=== Begin Enclosure ===
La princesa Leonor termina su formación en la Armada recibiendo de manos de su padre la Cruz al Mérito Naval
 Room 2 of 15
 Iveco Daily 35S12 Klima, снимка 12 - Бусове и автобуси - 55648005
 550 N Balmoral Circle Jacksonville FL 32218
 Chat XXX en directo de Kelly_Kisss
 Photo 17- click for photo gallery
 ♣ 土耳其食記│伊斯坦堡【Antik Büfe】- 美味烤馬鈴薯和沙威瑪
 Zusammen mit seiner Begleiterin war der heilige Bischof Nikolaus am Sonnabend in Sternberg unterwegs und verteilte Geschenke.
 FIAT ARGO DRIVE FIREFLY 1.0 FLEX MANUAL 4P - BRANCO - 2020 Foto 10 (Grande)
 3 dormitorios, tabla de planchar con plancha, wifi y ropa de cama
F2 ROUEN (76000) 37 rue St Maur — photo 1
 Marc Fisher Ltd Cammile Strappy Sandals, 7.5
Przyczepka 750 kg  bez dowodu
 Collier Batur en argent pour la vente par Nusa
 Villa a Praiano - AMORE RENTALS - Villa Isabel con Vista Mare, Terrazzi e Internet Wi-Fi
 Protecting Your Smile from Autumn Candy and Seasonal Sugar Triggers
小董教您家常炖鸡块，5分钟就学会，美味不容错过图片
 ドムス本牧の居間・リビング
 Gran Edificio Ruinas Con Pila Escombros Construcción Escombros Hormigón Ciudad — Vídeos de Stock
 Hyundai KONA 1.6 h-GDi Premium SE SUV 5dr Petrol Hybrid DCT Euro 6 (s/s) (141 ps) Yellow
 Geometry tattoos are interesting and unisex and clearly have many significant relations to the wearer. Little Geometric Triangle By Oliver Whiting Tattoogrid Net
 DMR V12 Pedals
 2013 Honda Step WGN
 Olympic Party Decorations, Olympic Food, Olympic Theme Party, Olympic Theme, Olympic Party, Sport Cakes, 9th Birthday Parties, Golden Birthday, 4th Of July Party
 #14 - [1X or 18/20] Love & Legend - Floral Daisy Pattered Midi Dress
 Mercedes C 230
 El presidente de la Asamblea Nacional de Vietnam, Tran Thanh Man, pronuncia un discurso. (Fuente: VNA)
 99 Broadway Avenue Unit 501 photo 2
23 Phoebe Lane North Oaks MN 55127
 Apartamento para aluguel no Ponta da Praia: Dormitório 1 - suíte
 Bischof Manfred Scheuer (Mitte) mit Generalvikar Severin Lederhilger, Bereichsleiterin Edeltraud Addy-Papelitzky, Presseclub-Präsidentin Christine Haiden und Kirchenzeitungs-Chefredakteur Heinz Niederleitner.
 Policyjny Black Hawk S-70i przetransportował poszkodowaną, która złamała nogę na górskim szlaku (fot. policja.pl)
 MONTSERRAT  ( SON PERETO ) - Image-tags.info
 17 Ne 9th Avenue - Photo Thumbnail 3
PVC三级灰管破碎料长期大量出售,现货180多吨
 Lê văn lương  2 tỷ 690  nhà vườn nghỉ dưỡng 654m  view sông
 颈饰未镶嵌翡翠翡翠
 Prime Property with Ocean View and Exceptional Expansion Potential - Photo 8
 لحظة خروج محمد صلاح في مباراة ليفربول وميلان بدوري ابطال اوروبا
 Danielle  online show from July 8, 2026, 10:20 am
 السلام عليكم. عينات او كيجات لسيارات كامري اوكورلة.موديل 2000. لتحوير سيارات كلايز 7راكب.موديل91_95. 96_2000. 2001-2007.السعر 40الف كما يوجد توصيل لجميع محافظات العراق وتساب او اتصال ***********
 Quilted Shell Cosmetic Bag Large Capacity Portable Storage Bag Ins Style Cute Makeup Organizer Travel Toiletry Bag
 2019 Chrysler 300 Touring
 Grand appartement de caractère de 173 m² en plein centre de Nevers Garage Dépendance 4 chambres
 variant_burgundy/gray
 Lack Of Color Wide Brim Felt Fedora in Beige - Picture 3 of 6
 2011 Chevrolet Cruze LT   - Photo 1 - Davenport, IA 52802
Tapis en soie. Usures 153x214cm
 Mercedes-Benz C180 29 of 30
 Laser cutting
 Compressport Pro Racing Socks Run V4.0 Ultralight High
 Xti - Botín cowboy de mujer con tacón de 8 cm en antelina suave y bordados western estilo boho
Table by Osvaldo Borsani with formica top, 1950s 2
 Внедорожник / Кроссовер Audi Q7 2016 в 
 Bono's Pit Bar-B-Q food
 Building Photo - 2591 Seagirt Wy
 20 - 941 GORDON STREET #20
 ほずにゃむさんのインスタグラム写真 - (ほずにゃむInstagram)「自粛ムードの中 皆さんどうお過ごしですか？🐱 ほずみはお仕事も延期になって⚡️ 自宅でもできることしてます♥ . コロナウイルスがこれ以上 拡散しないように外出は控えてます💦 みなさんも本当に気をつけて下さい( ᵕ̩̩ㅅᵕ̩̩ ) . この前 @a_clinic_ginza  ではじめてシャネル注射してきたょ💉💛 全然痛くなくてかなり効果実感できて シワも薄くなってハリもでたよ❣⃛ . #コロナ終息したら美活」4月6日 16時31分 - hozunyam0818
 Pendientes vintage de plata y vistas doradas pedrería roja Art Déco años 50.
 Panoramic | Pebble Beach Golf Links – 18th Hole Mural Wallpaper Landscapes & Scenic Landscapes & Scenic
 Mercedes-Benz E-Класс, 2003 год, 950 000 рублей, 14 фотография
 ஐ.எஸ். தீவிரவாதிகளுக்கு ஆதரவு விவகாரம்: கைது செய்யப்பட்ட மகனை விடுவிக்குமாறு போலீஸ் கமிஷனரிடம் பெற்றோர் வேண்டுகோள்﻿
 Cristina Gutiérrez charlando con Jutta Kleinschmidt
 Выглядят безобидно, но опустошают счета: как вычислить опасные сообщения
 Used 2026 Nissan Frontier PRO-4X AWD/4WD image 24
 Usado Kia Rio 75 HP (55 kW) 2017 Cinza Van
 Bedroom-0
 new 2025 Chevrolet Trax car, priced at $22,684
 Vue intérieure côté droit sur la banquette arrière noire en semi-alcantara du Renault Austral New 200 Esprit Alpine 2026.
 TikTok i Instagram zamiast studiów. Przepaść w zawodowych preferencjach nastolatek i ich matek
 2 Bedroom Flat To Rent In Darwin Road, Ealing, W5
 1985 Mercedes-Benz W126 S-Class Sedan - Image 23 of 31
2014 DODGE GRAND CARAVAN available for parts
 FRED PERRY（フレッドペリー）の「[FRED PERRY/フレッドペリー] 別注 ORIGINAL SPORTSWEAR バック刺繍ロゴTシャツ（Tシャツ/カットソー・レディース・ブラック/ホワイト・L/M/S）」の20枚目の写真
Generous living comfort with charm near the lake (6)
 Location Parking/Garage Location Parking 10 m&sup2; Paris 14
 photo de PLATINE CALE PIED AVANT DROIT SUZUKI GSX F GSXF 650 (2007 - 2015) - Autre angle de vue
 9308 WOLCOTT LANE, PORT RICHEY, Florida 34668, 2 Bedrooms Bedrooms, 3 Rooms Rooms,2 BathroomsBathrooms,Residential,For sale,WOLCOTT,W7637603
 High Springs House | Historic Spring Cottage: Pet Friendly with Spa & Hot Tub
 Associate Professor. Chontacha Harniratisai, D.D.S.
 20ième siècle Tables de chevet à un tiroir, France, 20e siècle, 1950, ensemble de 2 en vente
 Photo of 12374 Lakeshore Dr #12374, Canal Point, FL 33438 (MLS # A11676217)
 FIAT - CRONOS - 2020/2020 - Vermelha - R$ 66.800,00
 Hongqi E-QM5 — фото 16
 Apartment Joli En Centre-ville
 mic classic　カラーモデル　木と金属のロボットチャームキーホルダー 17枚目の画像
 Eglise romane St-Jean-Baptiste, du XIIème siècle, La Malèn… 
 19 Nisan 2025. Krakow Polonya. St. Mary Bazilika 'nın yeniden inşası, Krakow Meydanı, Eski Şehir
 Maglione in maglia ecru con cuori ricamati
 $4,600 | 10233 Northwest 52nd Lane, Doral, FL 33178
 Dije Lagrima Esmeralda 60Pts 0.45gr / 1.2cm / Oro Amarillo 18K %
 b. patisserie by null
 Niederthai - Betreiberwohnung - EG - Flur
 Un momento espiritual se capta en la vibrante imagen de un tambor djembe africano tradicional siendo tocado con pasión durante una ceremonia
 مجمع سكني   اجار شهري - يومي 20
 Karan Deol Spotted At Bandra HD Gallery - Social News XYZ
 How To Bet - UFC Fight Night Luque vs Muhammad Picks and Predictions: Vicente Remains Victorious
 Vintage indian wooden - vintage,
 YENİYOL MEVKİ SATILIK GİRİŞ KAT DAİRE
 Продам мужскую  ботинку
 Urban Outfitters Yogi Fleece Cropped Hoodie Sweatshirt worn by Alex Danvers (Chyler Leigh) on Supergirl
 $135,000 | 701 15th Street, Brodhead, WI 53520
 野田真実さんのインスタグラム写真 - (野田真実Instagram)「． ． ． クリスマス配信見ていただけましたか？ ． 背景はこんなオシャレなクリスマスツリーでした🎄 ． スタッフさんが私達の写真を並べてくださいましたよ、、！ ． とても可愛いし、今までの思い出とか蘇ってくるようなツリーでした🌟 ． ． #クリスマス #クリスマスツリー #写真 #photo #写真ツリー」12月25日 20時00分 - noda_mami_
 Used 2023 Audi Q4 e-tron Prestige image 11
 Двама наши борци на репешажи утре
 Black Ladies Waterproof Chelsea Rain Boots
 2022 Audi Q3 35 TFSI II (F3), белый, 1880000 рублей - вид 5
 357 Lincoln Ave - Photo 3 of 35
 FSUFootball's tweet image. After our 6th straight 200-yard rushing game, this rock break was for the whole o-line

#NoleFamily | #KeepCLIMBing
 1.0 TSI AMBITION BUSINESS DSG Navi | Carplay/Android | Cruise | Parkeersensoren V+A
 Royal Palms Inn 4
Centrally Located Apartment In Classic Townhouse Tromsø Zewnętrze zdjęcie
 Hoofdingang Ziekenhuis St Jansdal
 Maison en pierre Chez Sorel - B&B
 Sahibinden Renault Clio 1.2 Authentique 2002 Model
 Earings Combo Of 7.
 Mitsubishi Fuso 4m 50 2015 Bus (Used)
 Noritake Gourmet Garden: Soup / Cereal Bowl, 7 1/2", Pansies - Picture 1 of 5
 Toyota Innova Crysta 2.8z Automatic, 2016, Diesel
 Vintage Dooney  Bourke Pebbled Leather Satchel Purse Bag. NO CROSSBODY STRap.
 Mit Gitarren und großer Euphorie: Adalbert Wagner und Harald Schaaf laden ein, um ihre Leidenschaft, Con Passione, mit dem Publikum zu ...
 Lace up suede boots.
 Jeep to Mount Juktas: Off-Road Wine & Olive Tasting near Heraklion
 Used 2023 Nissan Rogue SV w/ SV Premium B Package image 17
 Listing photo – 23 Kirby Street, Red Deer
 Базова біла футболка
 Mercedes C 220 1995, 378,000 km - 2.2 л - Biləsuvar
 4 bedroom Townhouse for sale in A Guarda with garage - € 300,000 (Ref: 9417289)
=== End Enclosure ===
◆ **WHAT YOU SHOULD DO**: Look through the data above for lines holding the word "Black". State how many there are and nothing else.

◆ **TASK ANSWER**: 2